Monday, October 20, 2008

Route Reflector

From RFC4456

The Border Gateway Protocol is an inter-autonomous system routing protocol designed for TCP/IP Internets. Currently in the Internet BGP deployments are configured such that that all BGP speakers within a single AS must be fully meshed so that any external routing information must be re-distributed to all other routers within that AS. For n BGP speakers within an AS that requires to maintain n*(n-1)/2 unique IBGP sessions. This “full mesh” requirement clearly does not scale when there are a large number of IBGP speakers each exchanging a large volume of routing information, as is common in many of todays Internet. This scaling problem could be elevated in a couple of ways. One of them is the use of “Route Reflectors”.

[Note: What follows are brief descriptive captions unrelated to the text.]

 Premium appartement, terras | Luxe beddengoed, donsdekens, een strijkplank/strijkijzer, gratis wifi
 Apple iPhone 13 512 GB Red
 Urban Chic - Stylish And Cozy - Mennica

In AS X there are three IBGP speakers (routers RTR-A, RTR-B and RTR-C). With the existing BGP model, if RTR-A receives an external route and it is selected as the best path it must advertise the external route to both RTR-B and RTR-C. RTR-B and RTR-C (as IBGP speakers) will not re-advertise these IBGP learned routes to other IBGP speakers. If this rule is relaxed and RTR-C is allowed to advertise IBGP learned routes to IBGP peers, then it could re-advertise (or reflect) the IBGP routes learned from RTR-A to RTR-B and vice versa. This would eliminate the need for the IBGP session between RTR-A and RTR-B
This is the basic principle of Route Reflection scheme

Route Reflector is a router that can perform the route reflection function. The IBGP peers of the route- reflector fall into two categories clients and non-clients. A route reflector and its clients form a cluster. All the peers that are not part of the cluster are called as non-clients.

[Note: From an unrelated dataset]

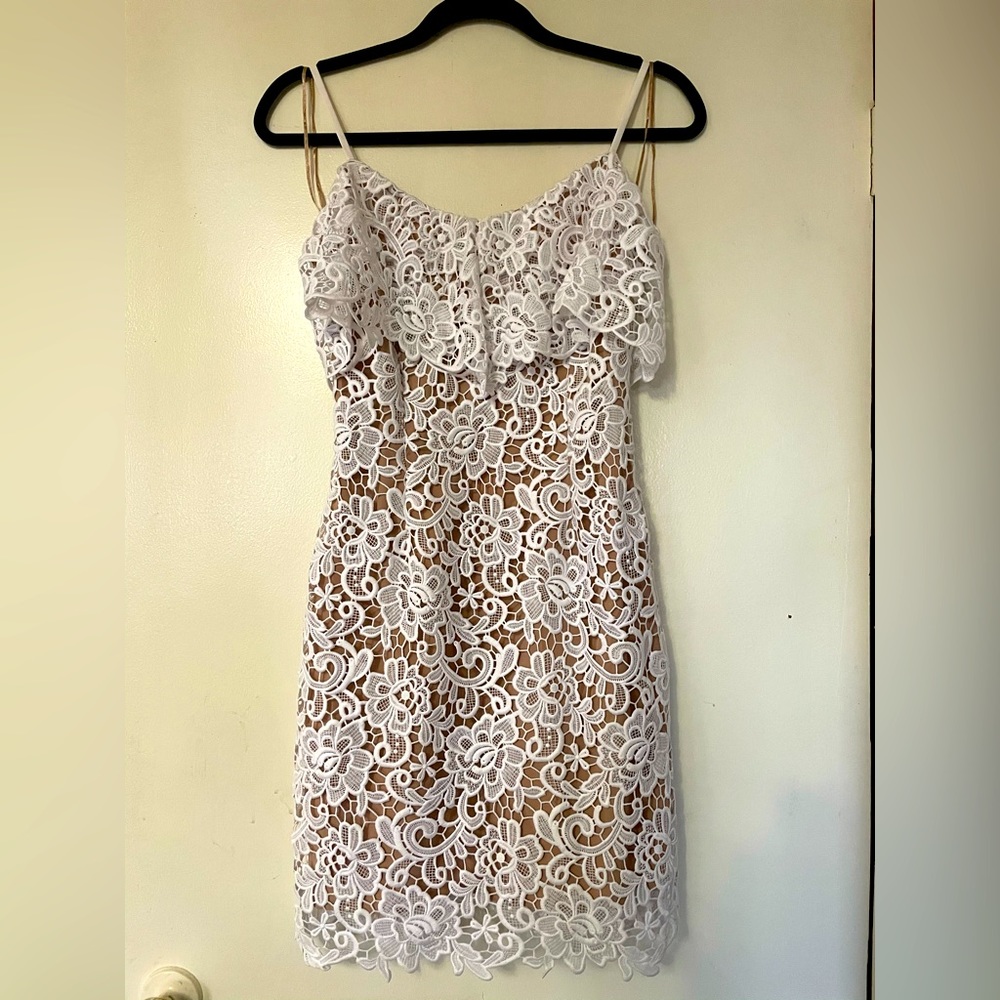 Guess , white lace dress dress size XS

The route reflector function is implemented only on the route reflector; all clients and non-clients are normal BGP peers. Any route reflector that receives multiple routes for the same destination will pick the best path based on the normal BGP decision process. The best path would be propagated within the AS based on the following:

Ø Routes received from a non-client peer, the route will be reflected to clients only.

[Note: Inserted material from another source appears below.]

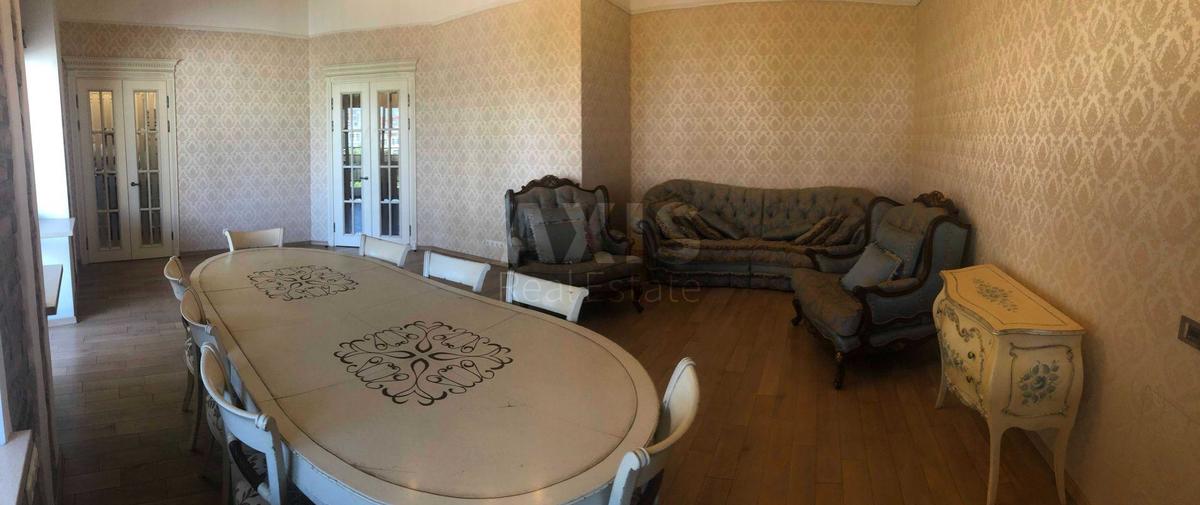 5k apartment uzv. Krutyj 57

Ø Routes received from a client peer, the routes are reflected to all non-client and client peers except for the route originator.

Ø Routes received from EBGP peer, the route will be reflected to all clients and non-clients.

The route reflector preserves IBGP attributes, for example the next-hop attribute remains intact when the routes are exchanged between route reflectors. To avoid Loops inside an AS, the route reflectors use

Ø Originator ID, which carries the router-id of the originator of the route in an AS.

Ø Cluster List, when the route reflector sends a route from its clients to non-clients outside the cluster, the route reflector appends the local cluster-ID to the cluster-list.

Per RFC 4456, Usually, a cluster of clients will have a single RR. In that case, the cluster will be identified by the BGP Identifier of the RR. However, this represents a single point of failure so to make it possible to have multiple RRs in the same cluster, all RRs in the same cluster can be configured with a 4-byte CLUSTER_ID so that an RR can discard routes from other RRs in the same cluster.

So question arise on whether you should use the same cluster-id for route reflectors within a cluster? There are generally speaking, 2 forms of RR cluster design:

First, the route reflectors have the same cluster-ID.

1) Loop prevention using Cluster-list and Originator-ID concept.
2) One Path from each Route Reflector client.
3) 100% redundancy difficult to accomplish. ( using loopbacks you can get close to 100%).
4) comparatively less memory and cpu Utilization.

Second, the router reflectors have different cluster-ID

1) One Path from Router Reflector Client and one path from Route Reflector (you just doubled the size of your bgp table!, Hence more memory consumption).
2) You can achive 100% redundancy.
3) BGP has to do more work as it has 2 paths for each prefix, hence more CPU Utilization.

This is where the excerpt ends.